UBKM - İkinci Bölüm (Demirden Kalp)

325 149 100
                                    

Fırtınalı bir havada ağaçlar savruluyor, yapraklar oradan oraya uçuşuyordu. Issız sokakta birkaç araba yavaşça yolda ilerlemekteydi. İnsanların kalbi hızlı bir şekilde atıyor, gözler etrafta gezinip duruyordu. Saniyeler işlerken sokaktaki insanlar sağ elini kaldırıp kalbinin üstüne koydu. Nefesler daha da sıklaştı ve düğümlenen boğazlar yutkunmaya çalıştı. Fakat onları bir şey engelliyordu. Birileri onların yutkunmalarını istemiyormuş gibi kaskatı kesilmişlerdi. Kumral, sarışın, esmer... Her türden insan sağ elini kaldırıp kalbinin üstüne koymuştu ve düğümlenen boğazına rağmen yutkunmaya çalışıyordu. Kalpleri boğazlarında atıyor gibiydi ve onları bir şey durduruyordu. Gözleri tek bir şeye odaklıydı :

Demirden Kalp.

Karşılarındaki ekran her şeyi zorlaştırıyordu. Hiçbiri bir şey anlamamıştı. Gerçi anlayamazlardı da, çünkü düşünemiyorlardı. Beyinlerine birisi girmiş gibi düşünmeyi durdurmuşlardı. Bir insan düşünmeyi durdurabilir miydi? Bu olamazdı fakat hiçbir şey imkânsız değildi. Gün geçtikçe kararan göz bebekleri nasıl oluyorsa her şeyi görüyordu. Gözlerini yanıltacak bir engel yoktu, sadece algıları farklıydı. Şimdi ise her zaman tek gördükleri o sembole odaklanmışlardı. Her zamanki gibi. Duydukları tıkırtılar bir adamın gururlu adım sesleriydi. Yutkunmaya çalıştıklarında bu sefer onları durduran bir şey yoktu. Rahatça boğazlarındaki düğümü çözmüşlerdi. Tüm gözler bir anda yan tarafa kaydı. Onlara bakan kendinden emin bir yüz vardı. Gururlu, kibirli ve gereksiz bir özgüven. Gerçi, gereksiz olduğu da söylenemezdi. Gururu ona özgüven de getirmişti. Kalın parmaklarını siyah ve gür saçlarından geçirdi. Hiçbiri hissetmiyordu. Hiçbiri! Sevinci, üzüntüyü, gururu, heyecanı, acıyı... Hiçbiri tek duygu dahi hissetmiyordu. Kalpleri onların hissetmesini engelliyordu. Normalde kalpleri hissettirmeliydi, değil mi? Fakat bu, onlar için tam tersiydi. Demirden bir kalp! Onların duygularını kilitleyen ve algılarını güçlendiren şey. 

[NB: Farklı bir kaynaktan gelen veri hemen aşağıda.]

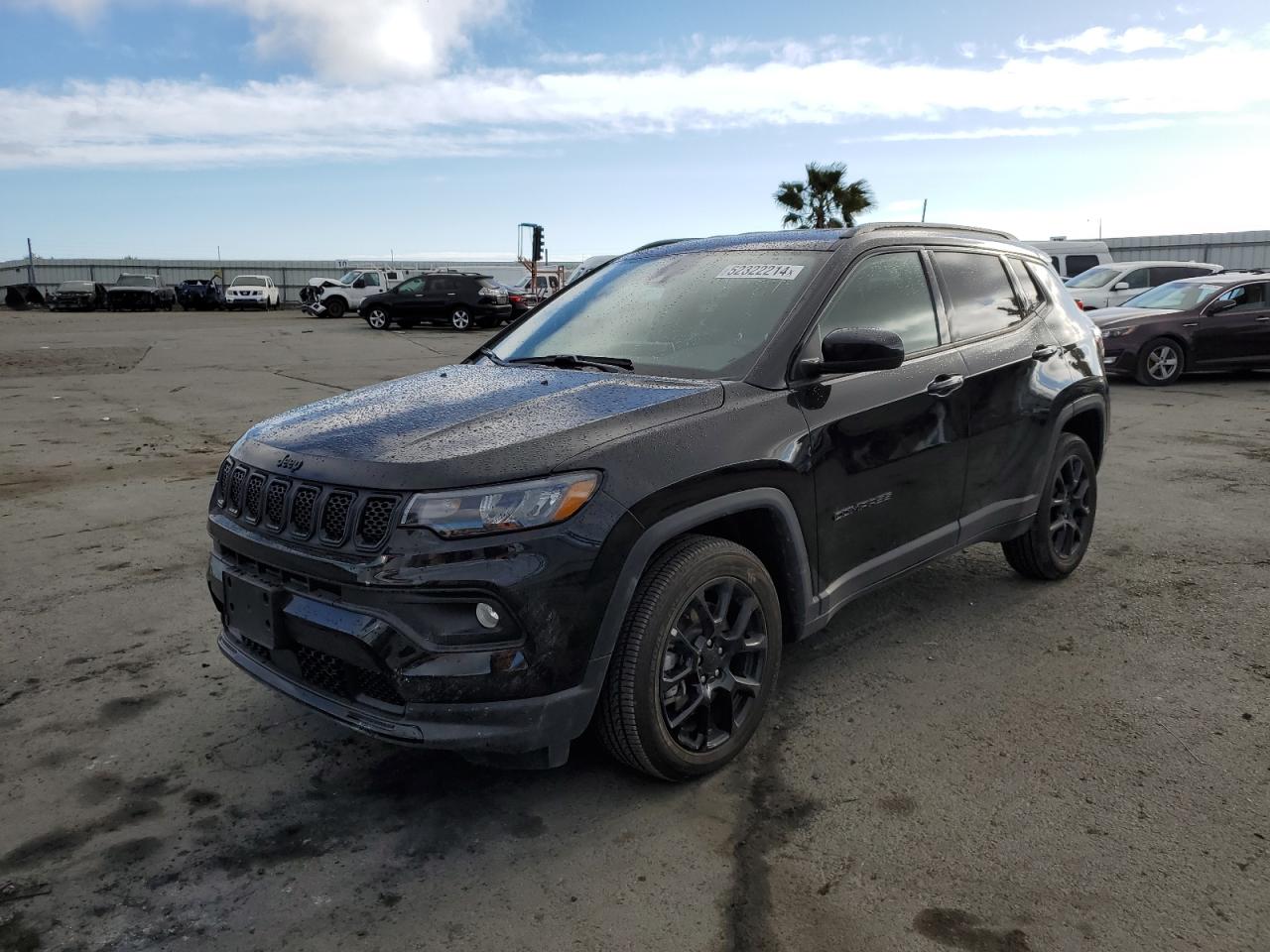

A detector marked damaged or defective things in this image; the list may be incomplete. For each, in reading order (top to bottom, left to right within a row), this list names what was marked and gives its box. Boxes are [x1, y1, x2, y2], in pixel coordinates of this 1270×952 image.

damaged car [106, 274, 176, 314]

"Merhaba..." dedi ve alayla düşünüyormuş gibi yapıp, "...her neyse. Köleler!" dedi. Aslında çoğu zaman sinirli olurdu fakat bu sefer farklı bir şey vardı. "Aranıza yeni birisi katılacak! Ona şimdiden ısındığımı söyleyebilirim. Her neyse." Güçlü bir kahkaha atıp köle diye adlandırdığı insanların önüne geçti. Onu gören gözler hemen,

"Emrine amadeyiz efendim!" diye bağırdı. Bu durum onu çok neşelendiriyordu. Tekrar güçlü bir kahkaha atıp siyah gömleğinin bir düğmesini çözdü. Karşısında duran kalpler, sadece bakıyorlardı. Şimdilik öyleydi. Günü geldiğinde onları da kendisi gibi yapacak ve başarısını izleyecekti. Son bir kez karşısındaki toplulukta göz gezdirdi. Zafer diye tanımladıkları şey bu olsa gerekti. 

**

Mr.Sholwer, bitkin bir şekilde ameliyathaneden çıktı ve karşısında beklenti dolu gözlerle bakan küçük kızı kucağına aldı. Tüm meslek hayatı boyunca böyle bir durumla karşılaşmamıştı. İçindeki duyguları tarif etmek zordu. Ne de olsa demirden bir kalbe sahip birisiyle ilk defa karşılaşmıştı. Bunu kim yapmış olabilirdi ki? Böyle bir şeye, sıradan bir insan cesaret edemezdi. 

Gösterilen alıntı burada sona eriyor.